Listed entries Start Marker
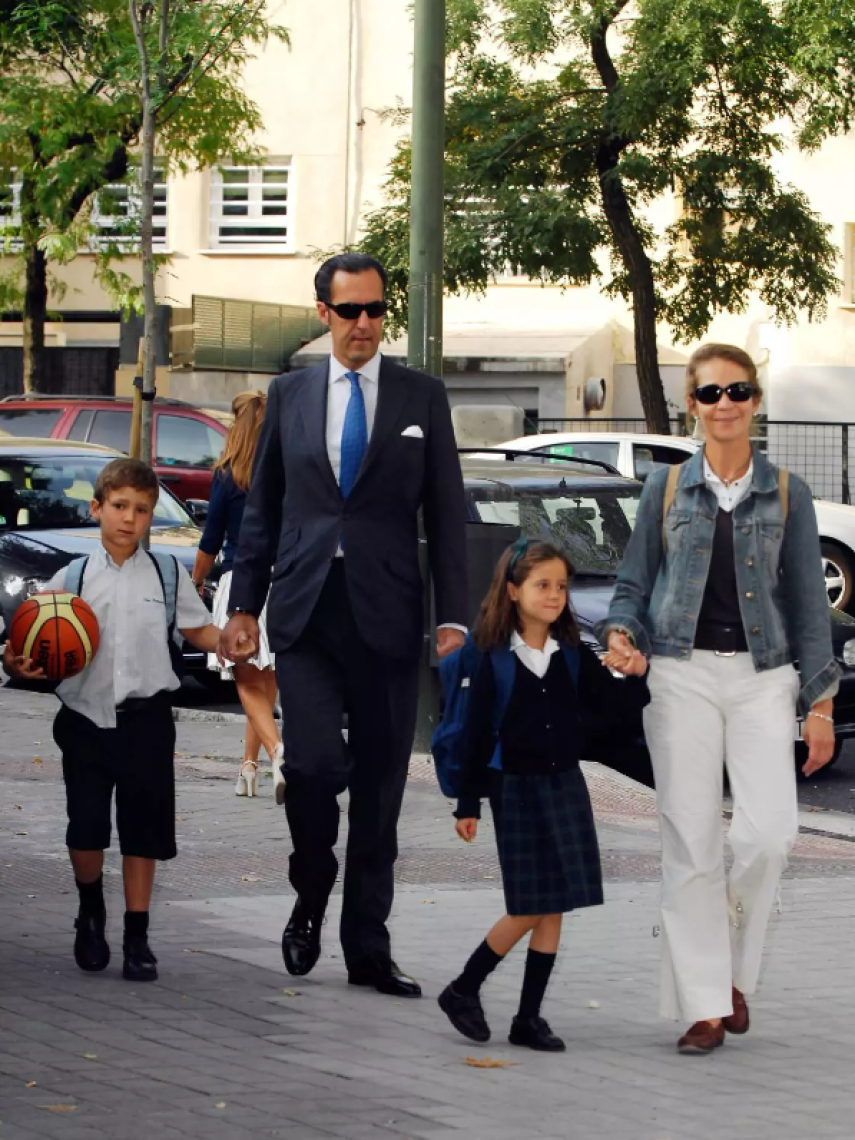 De izquierda a derecha, Froilán, Jaime de Marichalar, Victoria Federica y la infanta Elena, hace unos años.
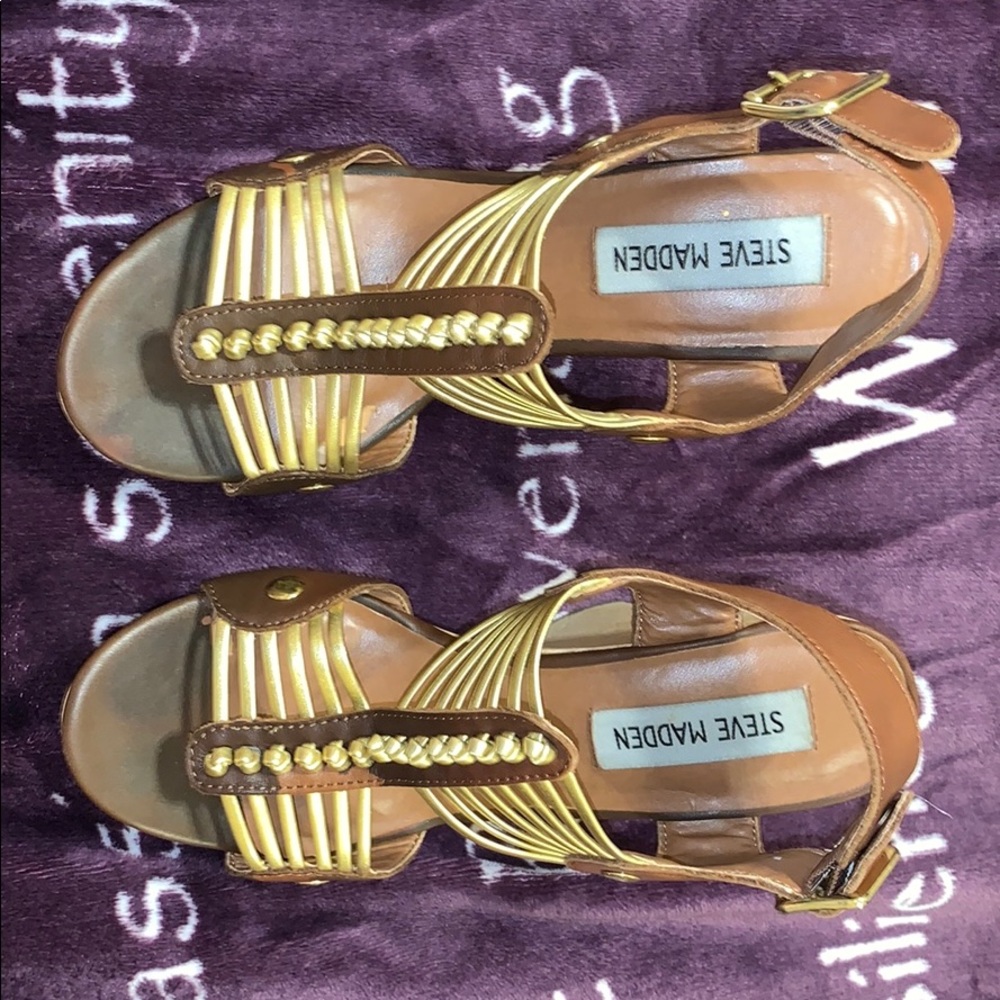 Steve Madden wedges
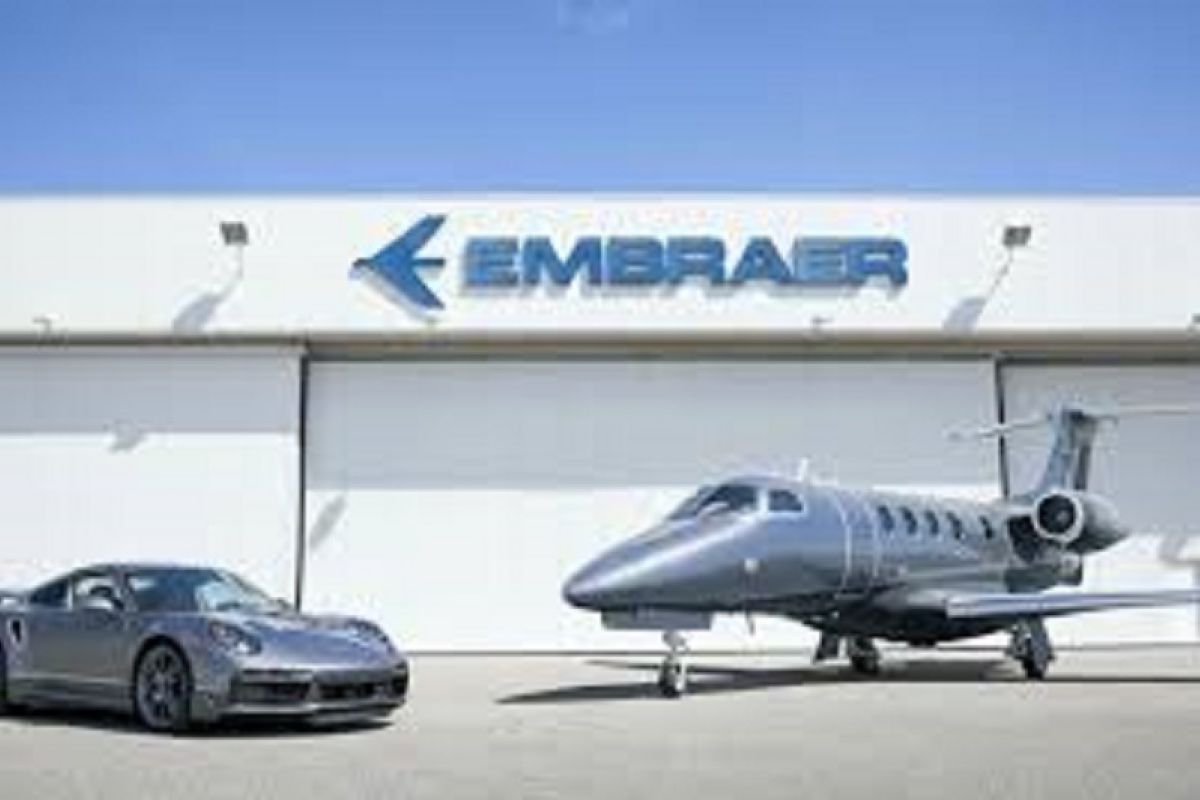 Beli pesawat jet dari Embraer edisi khusus bisa dapat Porsche 911 Turbo S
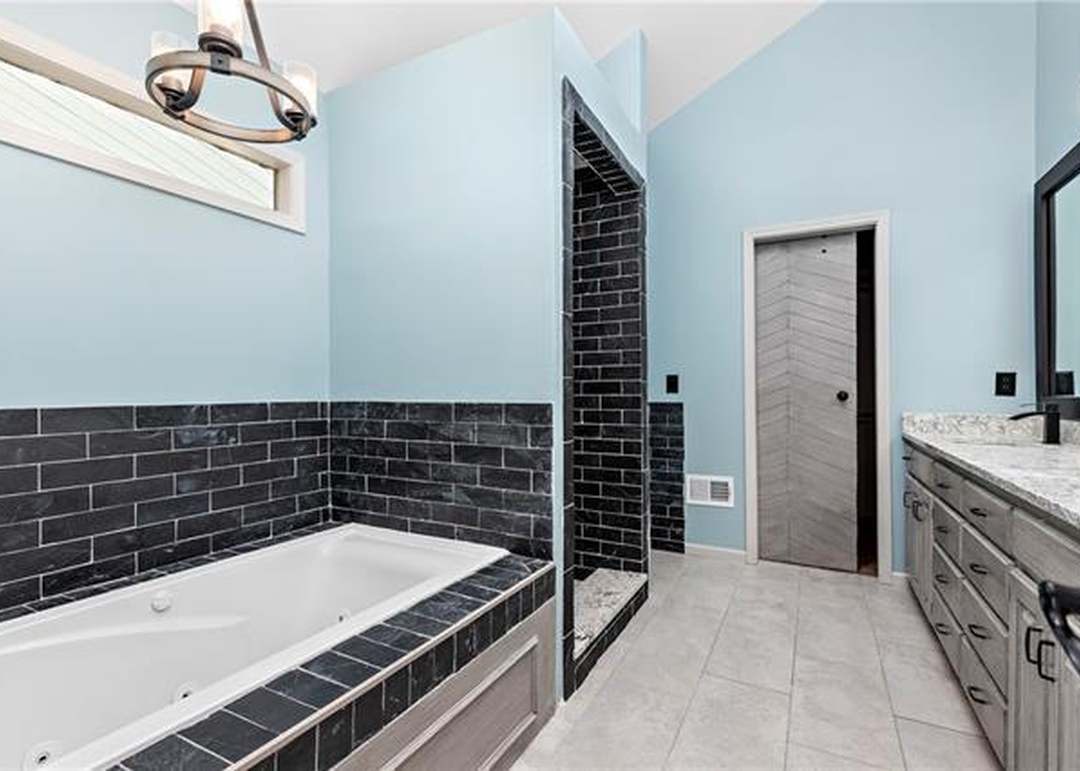 249 W COLLEEN Drive — photo 29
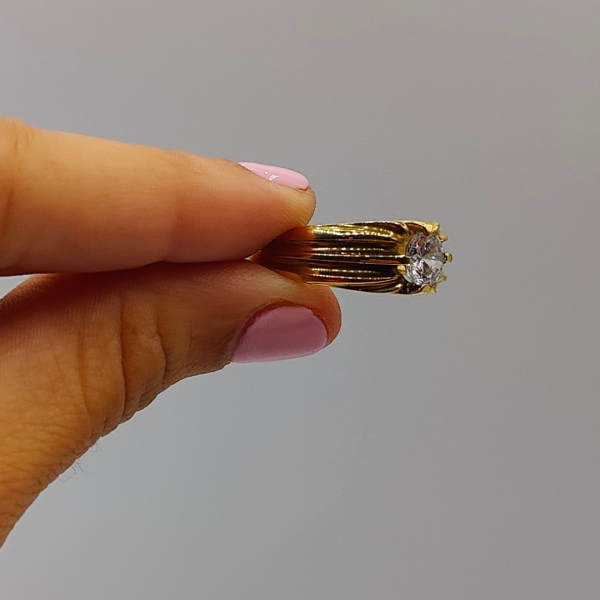 Anillo sortija unisex con circonita en medio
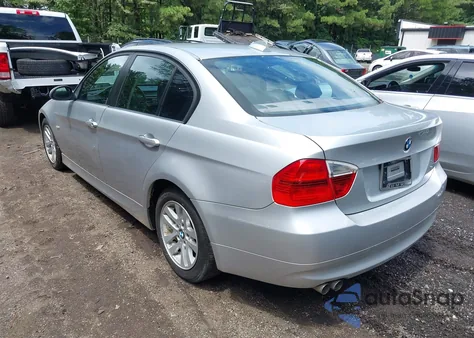 2006 BMW 325I z USA, uszkodzony, nr VIN WBAVB13516PT20616
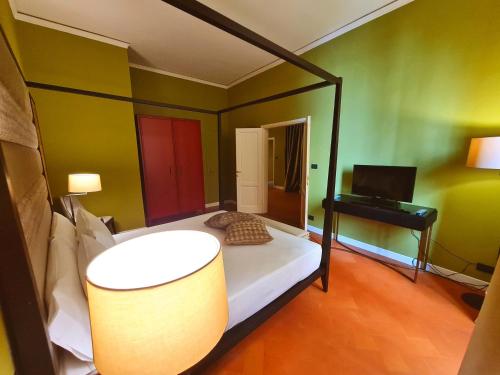 308387549 Santa Maria Novella - WTB Hotels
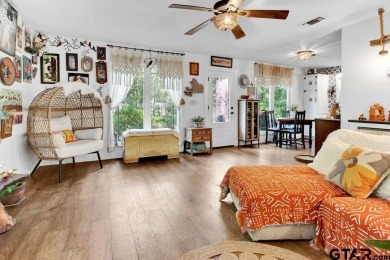 Adorable Hideaway Bungalow Retreat. Welcome to this charming on Hide-A-Way Lake Golf Course in Texas - for sale on GolfHomes.com, golf home, golf lot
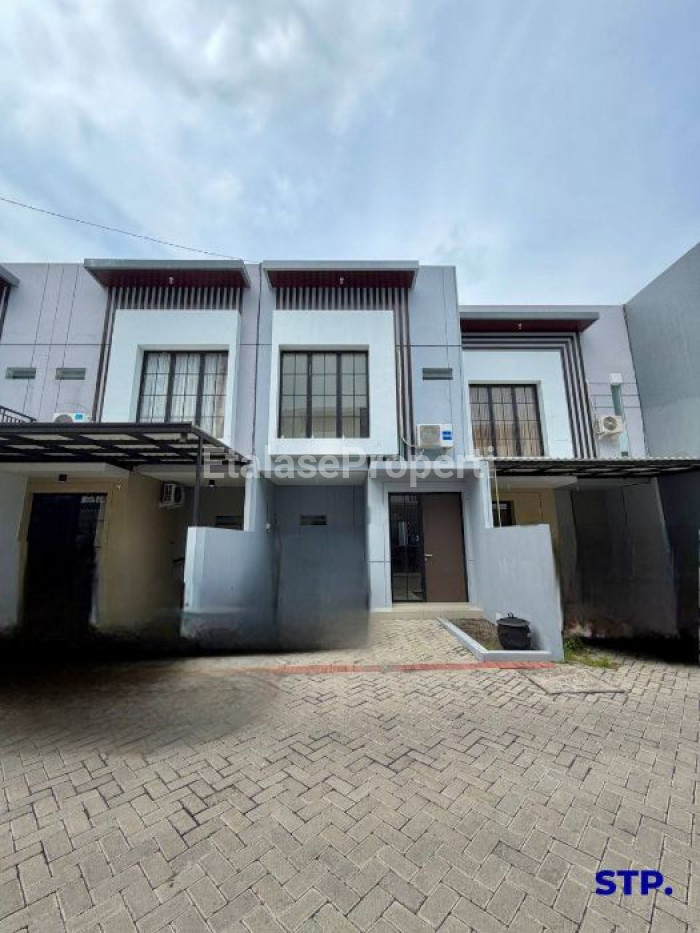Foto properti Disewakan, Rumah 2 Lantai Regency One Babatan Pantai 1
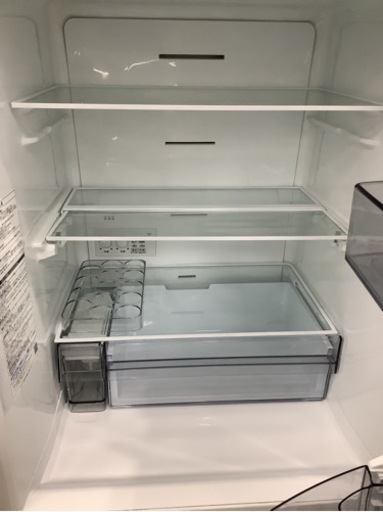 ＊2021年製 東芝/TOSHIBA GR-T33SC 冷蔵庫 326L 右開き 3ドア ベジータ 除菌機能 グレインホワイト 中古家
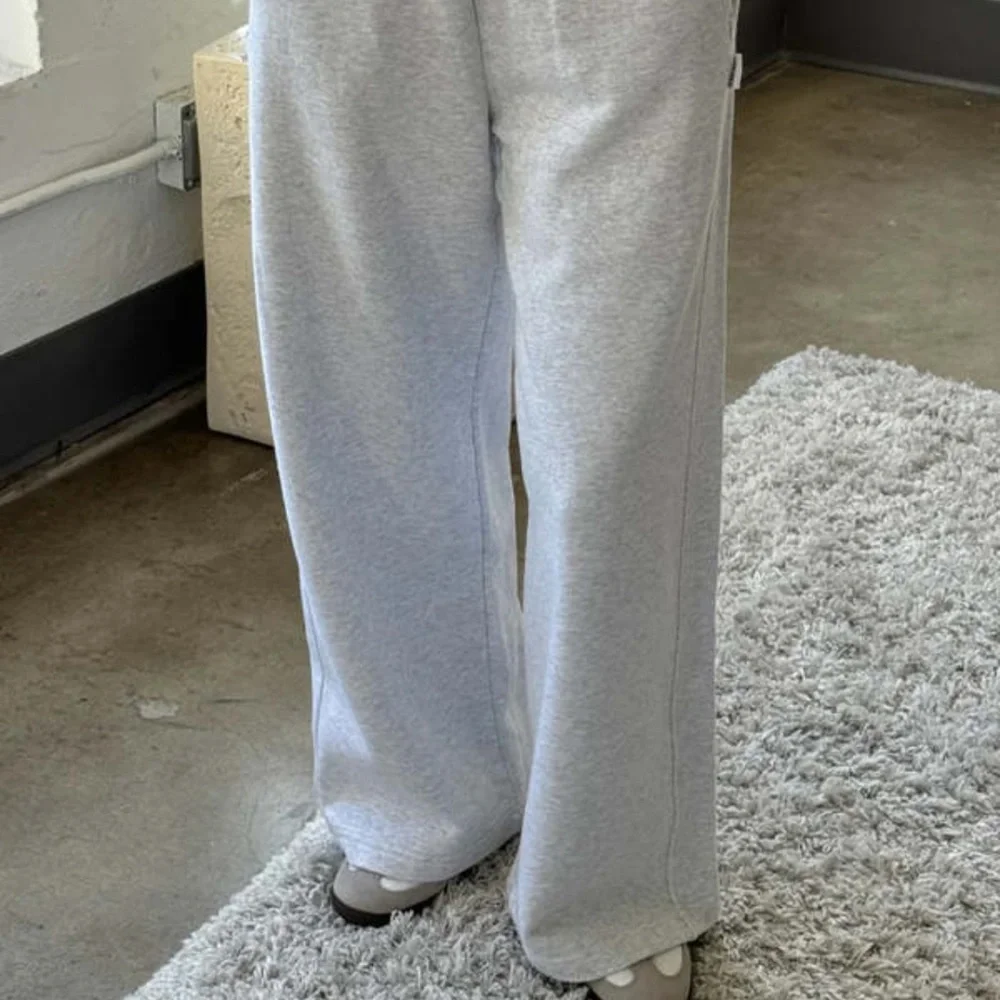 Le Bon Shoppe women’s sweat pants in size medium light grey - Picture 7 of 7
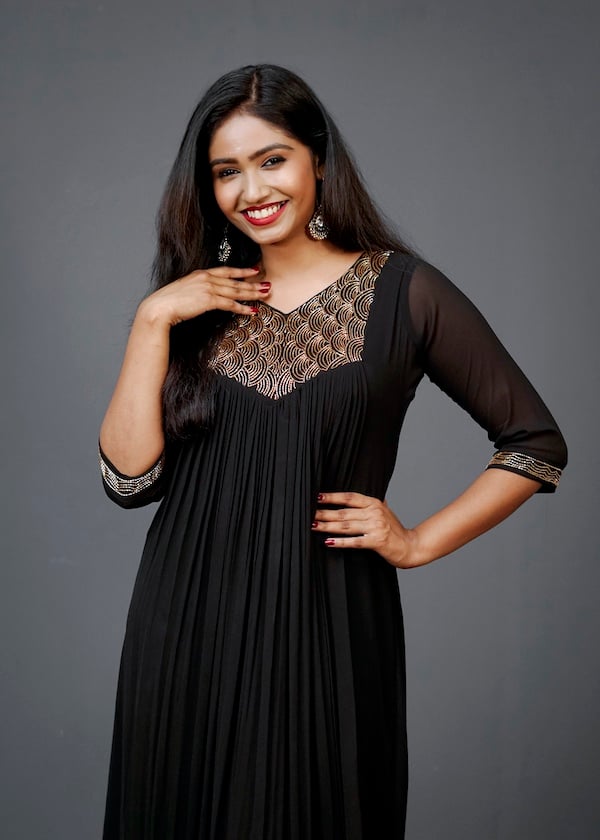 Handworked party wear kurthi YD10260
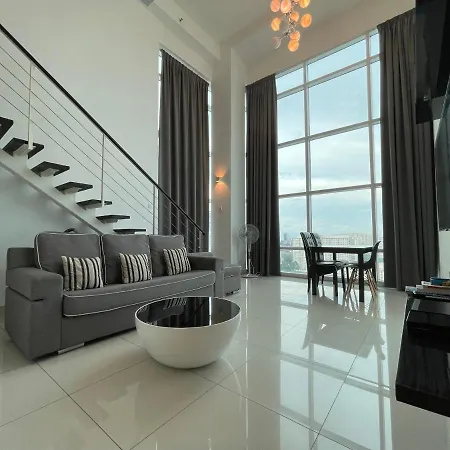 Premier Suite At Maritime George Town Bagian luar foto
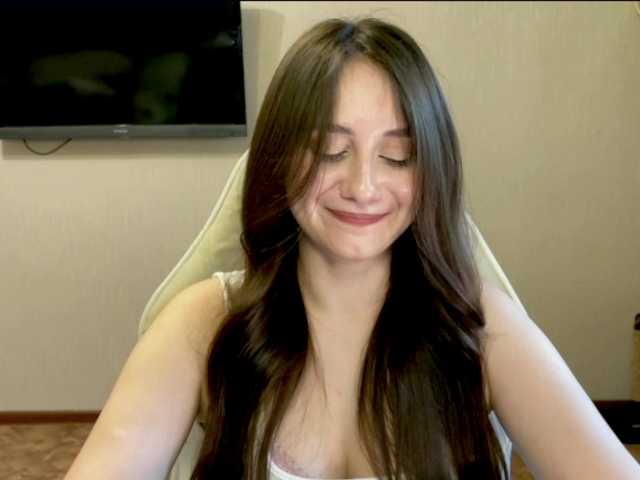 MilanaShalf live cam on BongaCams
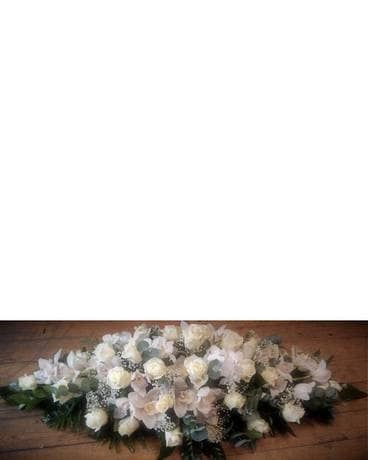White Sweetheart Table Decor Flower Arrangement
Listed entries End Marker
Prompt: Excluding any pictures, print exactly the lines of the listing above from the line with "Steve Madden wedges" to the line with "Adorable Hideaway Bungalow", both ends included.

Response to the exercise:
 Steve Madden wedges
 Beli pesawat jet dari Embraer edisi khusus bisa dapat Porsche 911 Turbo S
 249 W COLLEEN Drive — photo 29
 Anillo sortija unisex con circonita en medio
 2006 BMW 325I z USA, uszkodzony, nr VIN WBAVB13516PT20616
 308387549 Santa Maria Novella - WTB Hotels
 Adorable Hideaway Bungalow Retreat. Welcome to this charming on Hide-A-Way Lake Golf Course in Texas - for sale on GolfHomes.com, golf home, golf lot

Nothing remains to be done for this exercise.